▸ Assignment: Set down all of the data that follows word for word, without the images.

━━━ Dataset content

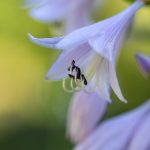 在线观看国产AV每日 1iv01mpwm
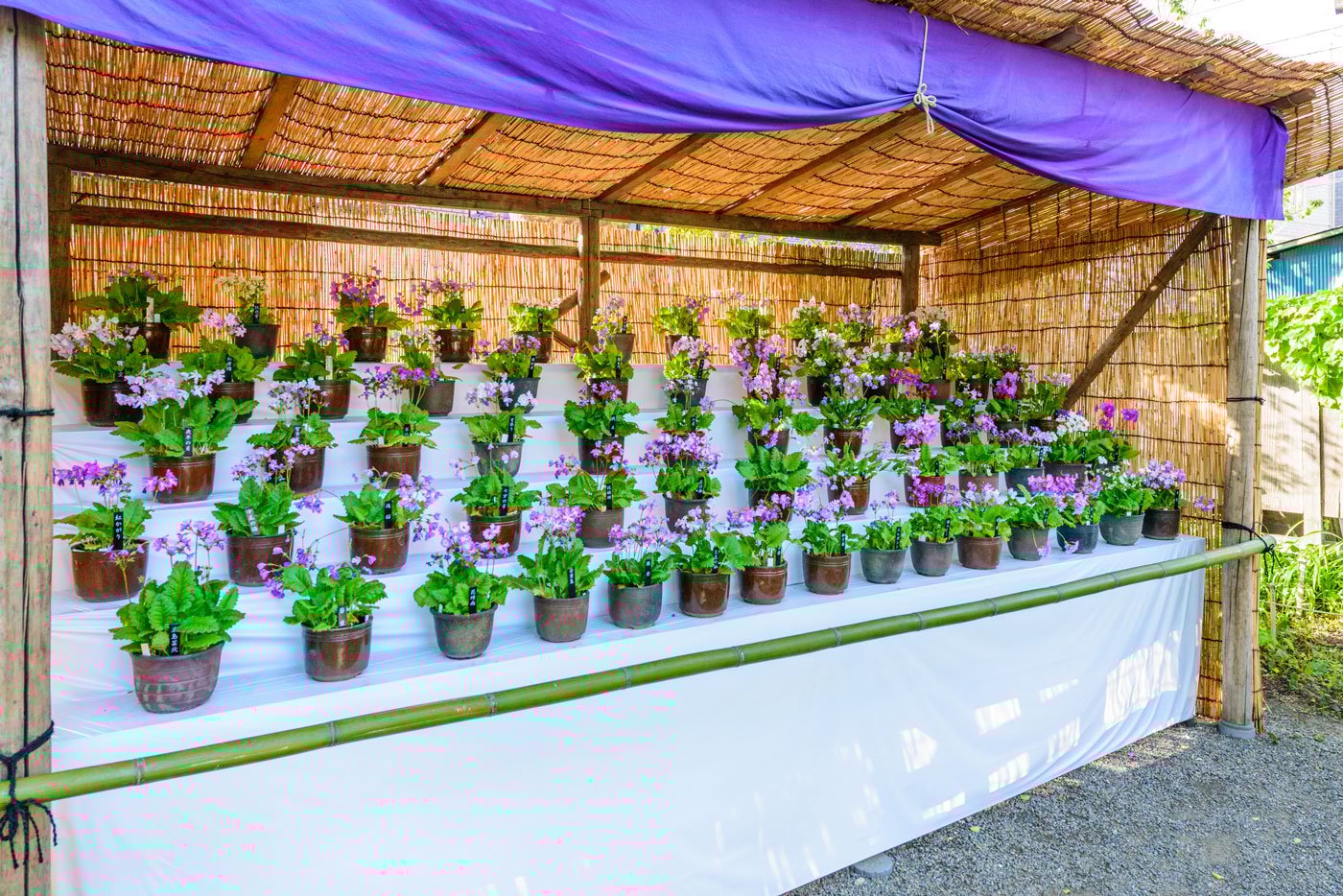 都立向島百花園８（さくら草の展示がされていました）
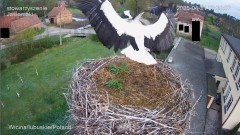 Jadzia zaatakowana przez agresora (vide filmik Terki powyżej tego posta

━━━━━━

▸ Task answer:
 在线观看国产AV每日 1iv01mpwm
 都立向島百花園８（さくら草の展示がされていました）
 Jadzia zaatakowana przez agresora (vide filmik Terki powyżej tego posta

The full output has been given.